I have all kinds of unfounded optimism, and New Orleans is the Stagnantropolis of unfounded optimism. The Lower 9th Ward is still in pretty rough shape, but it’s always darkest before dawn…or a darker darkness.

-Adam

Bulldozer; Adam Farrington; Steel and Aluminum; 26″ x 28″ x 16″; $1800

Circuitry

May 7th, 2006

I’m a newcomer to computers.

Only since I bought a computerized cutting machine a couple years ago have I had much appreciation for computers. I’d used the internet and email a little, but until my machine took the picture on the screen and cut it out of steel, they didn’t seem very relevant to me.

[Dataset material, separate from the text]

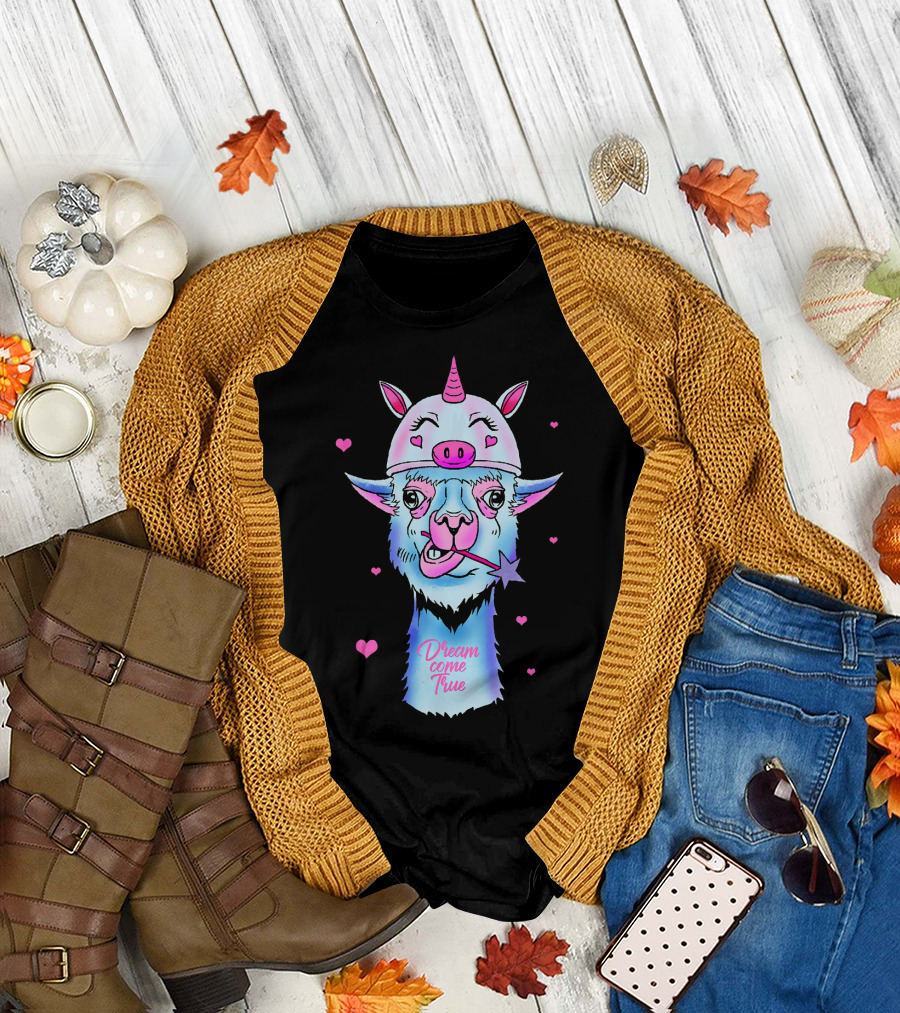 Dream Come True Llama Alpaca Unicorn Cool Funny Lama Ram T-Shirt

Now I’m light years ahead of where I was, and if not totally computer literate, I at least have the tools to sound it out.

I’m glad I’m behind the curve. It’s probably how the iceman felt when he was thawed out, but with less damage to the connective tissues. Computers! Wow! A tower full of experienced little digital employees at my fingertips, ready to do my bidding.

Then I became more aware of the parallels between electonics and cities; electricity and people.

Bad city planning is like a bunch of crap rattling around, shorting stuff out, and making it impossible to have a functioning economy of messages. Our digital pals get all stagnant under the overpass, brooding with static electricity, ’til zap! Someone gets mugged.

My friend told me they call circuit board design “architecture.”

It’s interesting the way streets, originally layed out purposefully like wires, get sliced and spliced up over time. Press Street got chopped diagonally through the middle of an intersection, with a scarred barrier to ricochet cars around the corner instead of careening into the train yard that wiped away the old neighborhood who knows when.

No information finds its way down to the warf by Press Street anymore. Ursulines Street dead ends up against concrete, under the interstate.

Poverty is like a lack of sufficient voltage in the medium of exchange. Stuff happens in fits and starts if at all.

There are these neighborhoods with their lovely old houses stagnating, like broken radios full of perfect transistors. Someone could come in with a bulldozer or soldering iron and clear out some obstructed paths and carve out some new ones. But usually old radios just get kicked along the gutter untill they decintigrate in the weeds.

Who’s going to risk getting electrocuted by drug addicts when you can just go to Best Buy for a fresh, new Jim Walters home?